Start of Given entries

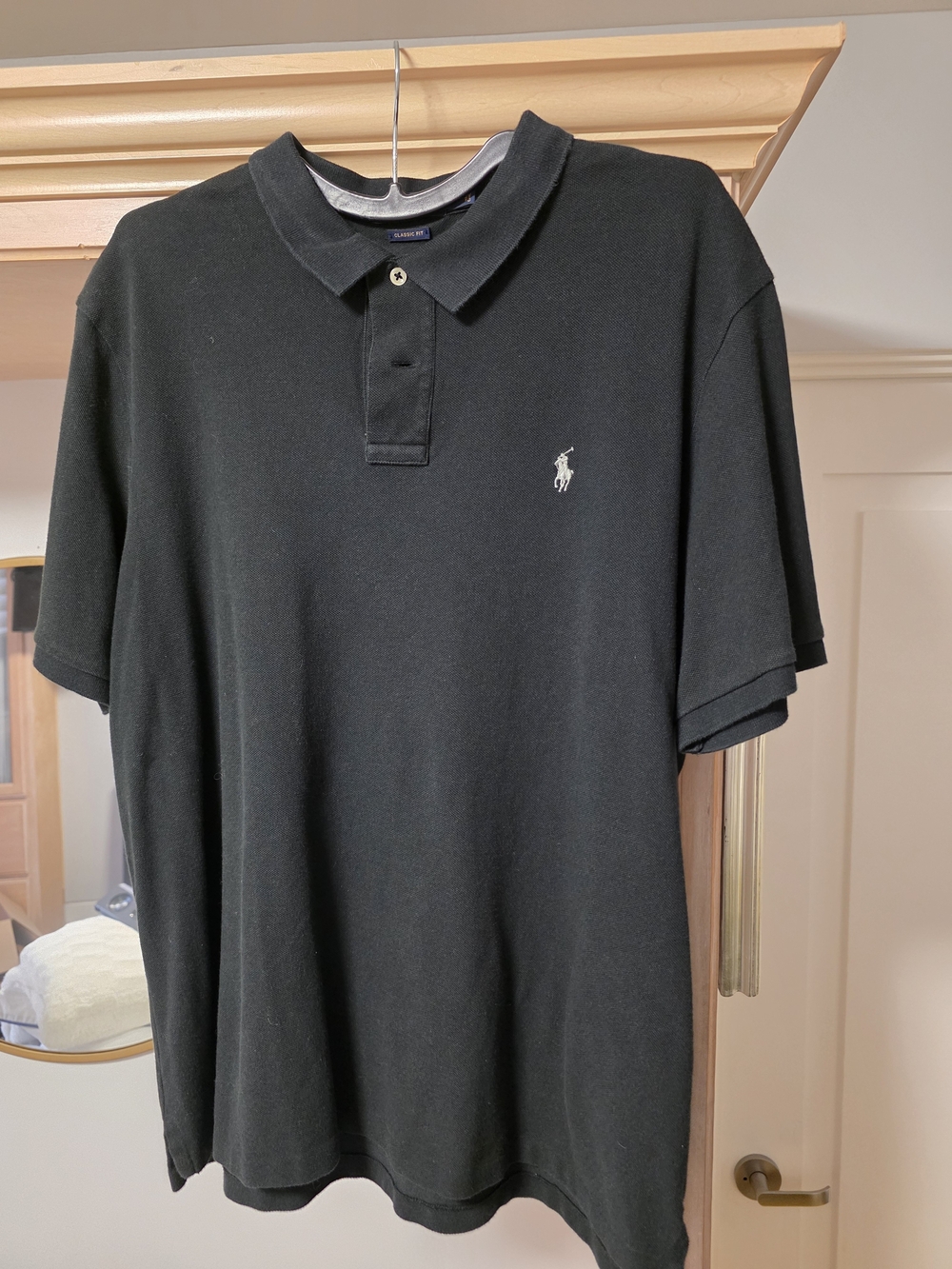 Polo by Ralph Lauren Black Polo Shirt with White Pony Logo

End of Given entries
Start of Given entries

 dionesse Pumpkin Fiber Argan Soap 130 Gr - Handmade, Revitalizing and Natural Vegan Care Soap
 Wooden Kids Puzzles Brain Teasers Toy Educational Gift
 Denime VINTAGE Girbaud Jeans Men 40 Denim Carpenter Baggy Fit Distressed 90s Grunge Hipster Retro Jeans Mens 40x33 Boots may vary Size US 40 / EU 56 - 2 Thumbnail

End of Given entries

Wherever the line holding "dionesse Pumpkin Fiber" falls in the entries above, copy exactly from it through the line holding "Denime VINTAGE Girbaud", inclusive, and add nothing.

 dionesse Pumpkin Fiber Argan Soap 130 Gr - Handmade, Revitalizing and Natural Vegan Care Soap
 Wooden Kids Puzzles Brain Teasers Toy Educational Gift
 Denime VINTAGE Girbaud Jeans Men 40 Denim Carpenter Baggy Fit Distressed 90s Grunge Hipster Retro Jeans Mens 40x33 Boots may vary Size US 40 / EU 56 - 2 Thumbnail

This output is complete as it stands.